'Lovely, surprising' friendship emerges for Sudanese graduate and hosts
LONDON - Areej, a 30-year-old refugee from Sudan, knows all too well how difficult it is to start a new life in a new country. She has a master’s degree from Nottingham University in environmental management but spends most of her time doing voluntary work and looking for employment.
She has been helping out as an interpreter for asylum seekers and as an English language tutor. She is hoping to deploy her skills and training, and stand on her own feet in her new country.
Originally from Khartoum, Areej recalled the psychological struggle of being an asylum-seeker in 2015 and then receiving refugee status the following year.
“It’s almost harder being a refugee because as an asylum-seeker you get housing and three meals a day, but as a refugee you are completely on your own after 28 days,” she said.
When she received refugee status, she was volunteering for a homelessness scheme supported by Westminster City Council in London. Someone she met there suggested that she should contact Refugees At Home, a small charity which is helping refugees to find their feet in Britain by matching them with hosts.
"She was very polite and shy in the beginning but within a week she started being sassy and making jokes.”
The process was simple and quick. In August 2016, Areej moved in with social worker Emily Reynolds, 28, and her boyfriend Gijs Van Amelsvoort, 38, who manages a coffee shop in East London.
“Initially, when we talked about this, we thought about all these possible house rules. Then we met Areej and we were like ‘oh whatever,’” Gijs said. “She’s great. She was very polite and shy in the beginning but within a week she started being sassy and making jokes.”
The three often spend time watching television shows or films together. Areej loves reading and they also exchange books with each other.
“We get along really well and the most lovely, surprising thing that happened is that we became friends,” Gijs said. “Refugees are people too and there is a stigma but they are just people. We have more than we need and are able to share -- it’s a privilege because it makes us happy as well.”

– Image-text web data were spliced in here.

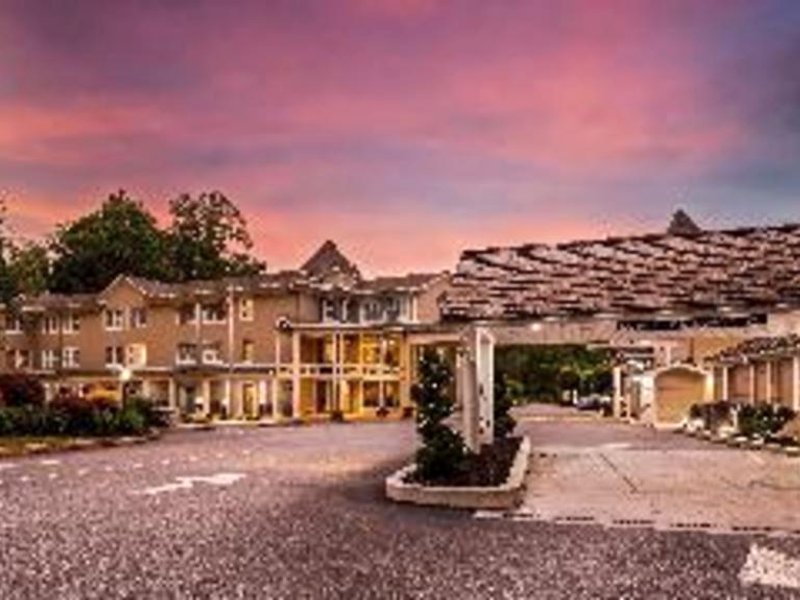 Inn at Mendenhall, Best Western Premier Collectionの写真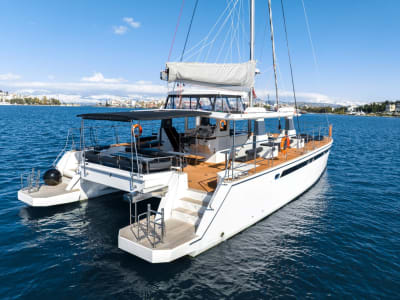 Excursión en catamarán desde la bahía de Ammoudi, Oia (Santorini)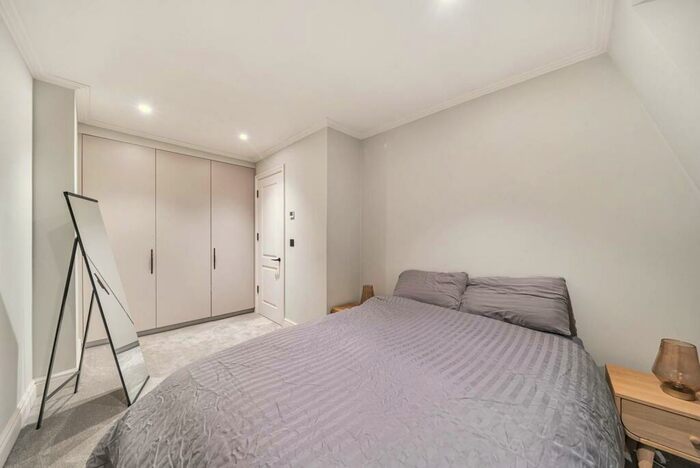 2 Bedroom Flat To Rent In Chapel Market, Angel, London, N1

“She taught us about her culture which has helped me a lot in my work with unaccompanied children,” Emily said. “She is super helpful in every way. We come home and everything is done. We have no expectations but she is just wonderful and so thoughtful.”
“I am very grateful to be with Gijs and Emily, they are kind, gentle, and caring. I really feel safe here. And I am happy. I am very happy,” Areej said.
Emily and Gijs have told Areej she can stay for as long as she wants. “This is one of the best things that happened to me. I feel at home,” Areej said.